Patellar resurfacing versus patellar retention in primary total knee arthroplasty: a systematic review of overlapping meta-analyses

Grassi, A., Compagnoni, R., Ferrua, P. et al.
Knee

Purpose

The need of patellar resurfacing in total knee arthroplasty (TKA) is a subject of debate. This systematic review of overlapping meta-analyses aimed to assess and analyze current evidence regarding patellar resurfacing and non-resurfacing in TKA.

 

Methods

A systematic literature search was performed in March 2017 in PubMed, CINAHL and Cochrane Library. Inclusion criteria were meta-analysis of randomized controlled trials that compared TKA with and without patellar resurfacing considering as outcomes re-operations rate, complications, anterior knee pain, functional scores. The quality of meta-analyses was evaluated with AMSTAR score and the most relevant meta-analysis was determined by applying the Jadad algorithm.

 

Results

Ten meta-analyses, published between 2005 and 2015, were included in the systematic review.
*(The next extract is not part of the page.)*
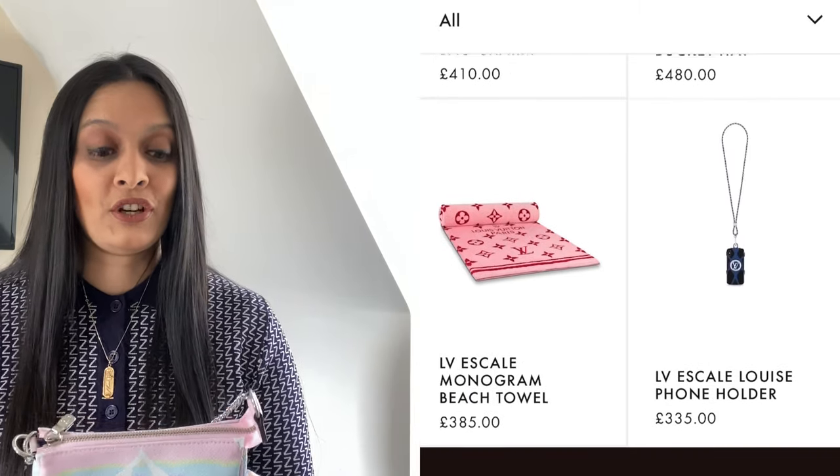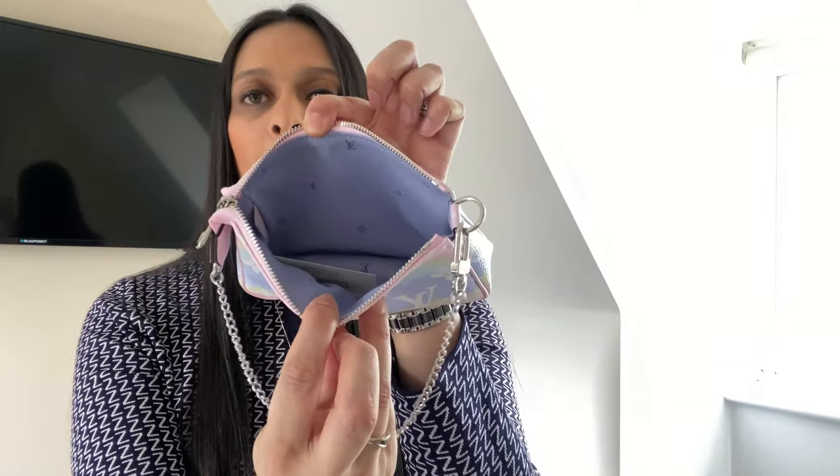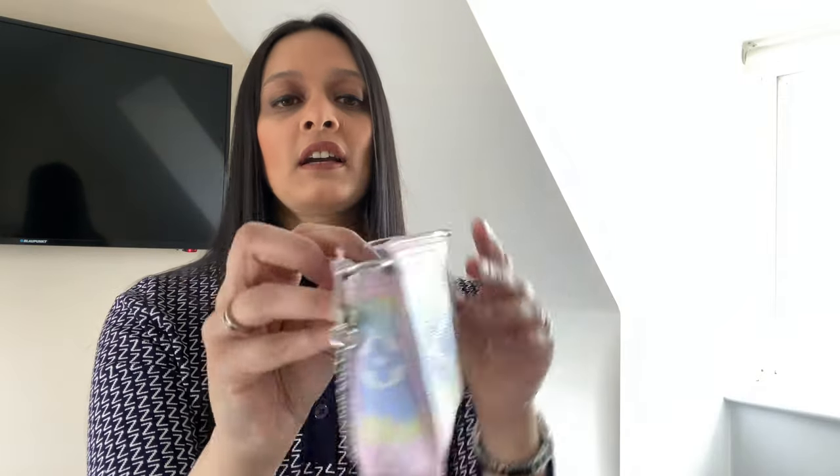The first product I wanted to showcase is probably one of the most popular — the Mini Pochette. This only came in the one color, which is the pastel pink color. The front has the large monogram and the back has the smaller monogram. It's the normal canvas, and on the edge 'Louis Vuitton' is etched in a silver foil color. The hardware is all silver, as opposed to other Mini Pochettes which come with gold hardware. The inside has a really cool purple lining with Louis Vuitton printed on it.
Two studies found a significantly increased Knee Society Score in the resurfacing group. According to four meta-analyses, anterior knee pain incidence was lower in resurfacing group. Six of the included studies described a greater risk of re-intervention in the non-resurfacing groups. The overall quality of included studies was moderate. The most relevant meta-analysis reported no differences in functional scores and incidence of anterior knee pain between the groups.

 

Conclusions

Comparable outcomes were found when comparing patellar resurfacing and non-resurfacing in TKA. The higher risk of re-operations after non-resurfacing should be interpreted with caution due to the methodological limitations of the meta-analyses regarding search criteria, heterogeneity and the inherent bias of easier indication to reoperation when the patella is not resurfaced. There is no clear superiority of patellar resurfacing compared to patellar retention.

 

Level of evidence

Level II, systematic review of meta-analyses.